Hello, I'm from the past (yesterday). How's the post-election world? Does the USA still exist? Well, let's go back in time and look at another election. This time, Kansas 1855 when settlers were deciding if it should be a free state or a slave state. 

And because of that choice, in one week in 1856, pro-slavery ruffians sacked a town in Kansas, a senator got beat up with a cane, and abolitionists murdered three pro-slavery Kansans. 

See omnystudio.com/listener for privacy information.

Transcript

Speaker 1

School of Humans. Well, hello, hello, filth heads. Here we are.

Speaker 2

I am recording this on Tuesday, November fifth, twenty twenty four, which is the day before the election, so yesterday if you're an avid listener like that. So I don't know what the results of the election are in this current moment. Did anything bad happen? Is there a civil war going on? What's going on?

Speaker 1

Tell me?

Speaker 2

And since this is coming out after the election, I had a really big choice for today's episode. I was like, I could do something that has absolutely nothing to do with elections and treat ourselves to a little escapism, or I could just really lean into it and do something that's upsetting. And if you guys can believe it, I went with upsetting. So let's look at another election, an election that did in fact lead to a civil war.

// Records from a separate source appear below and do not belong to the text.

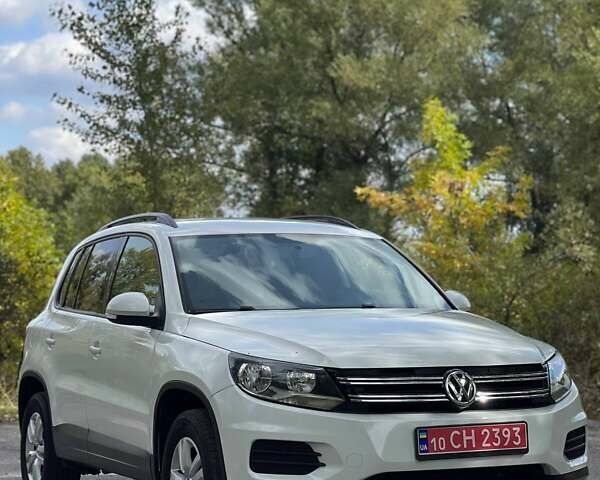 Белый Фольксваген Тигуан, объемом двигателя 1.97 л и пробегом 184 тыс. км за 12400 $, фото 1 на Automoto.ua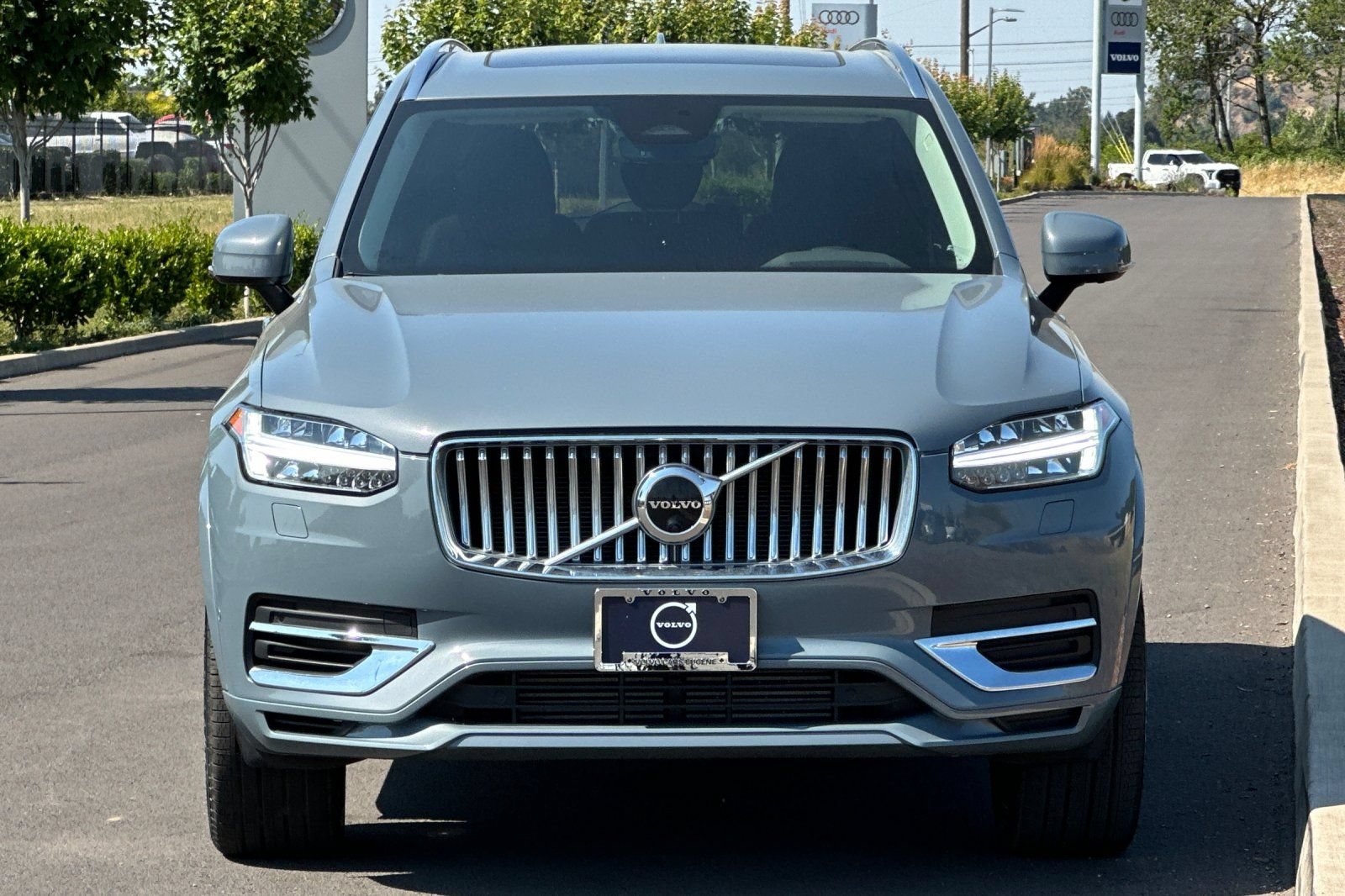Used 2023 Volvo XC90 T8 Plus w/ Protection Package Premier AWD/4WD image 8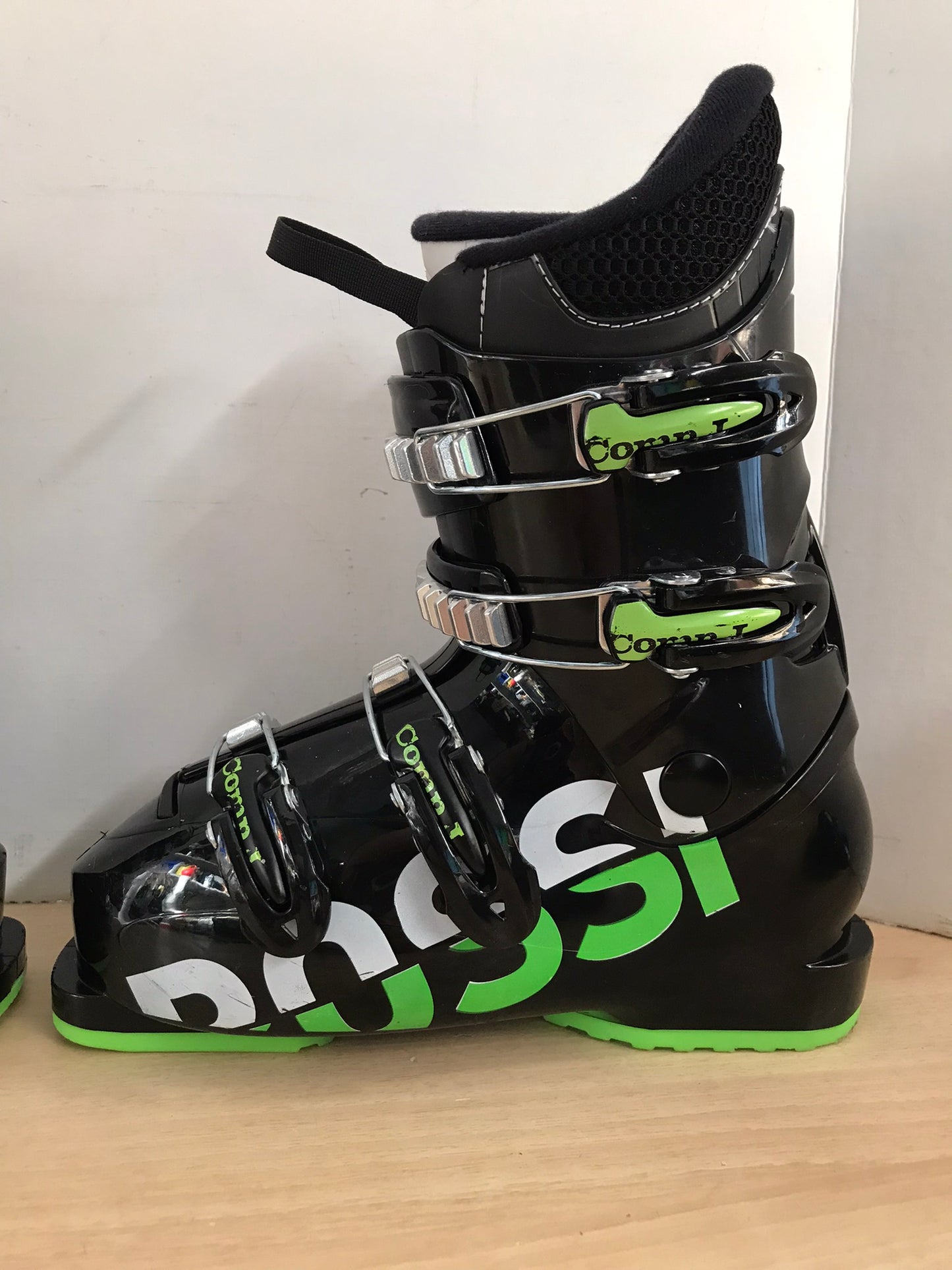 Ski Boots Mondo Size 23.5 Child Size 5 Shoe Size 262 mm Rossignol Black Lime New Demo Model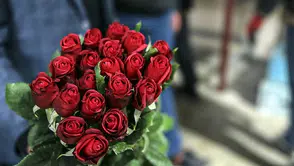 İzmir'de Sevgililer Günü Hazırlıkları Tamamlandı mı? Çiçekler Satışa Sunuldu ve Fiyatları Belli Oldu!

In fact, the Civil War one of those controversial elections in American history, and it wasn't even for a president. It was for Kansas during an era that came to be known as Bleeding Kansas. No, Kansas was not on its period. This was from eighteen fifty four ish to eighteen sixty one, when Kansas became a state, and it was a time when Americans were deciding whether or not Kansas would enter the Union as a free state or

a slave state. And if you can imagine, a lot of people had some very strong opinions about that, which led to a period of violence, fighting, deaths, and then the Civil War. Cue the theme song. This is American Filth and I'm Gabby Watts. Every week I tell you a filthy story from American history. This week's episode a

week of Bleeding Kansas. Okay, so a whole bunch of shit went down during the Bleeding Kansas era from eighteen fifty four to eighteen sixty one, And what I want to do is focus on one week of it, which was in May eighteen fifty six, where a lot of violent, bad stuff happened. But first we're going to do a little summary about what the heck was going on. So the big thing that started all of this was the passage of the Kansas Nebraska Act of eighteen fifty four.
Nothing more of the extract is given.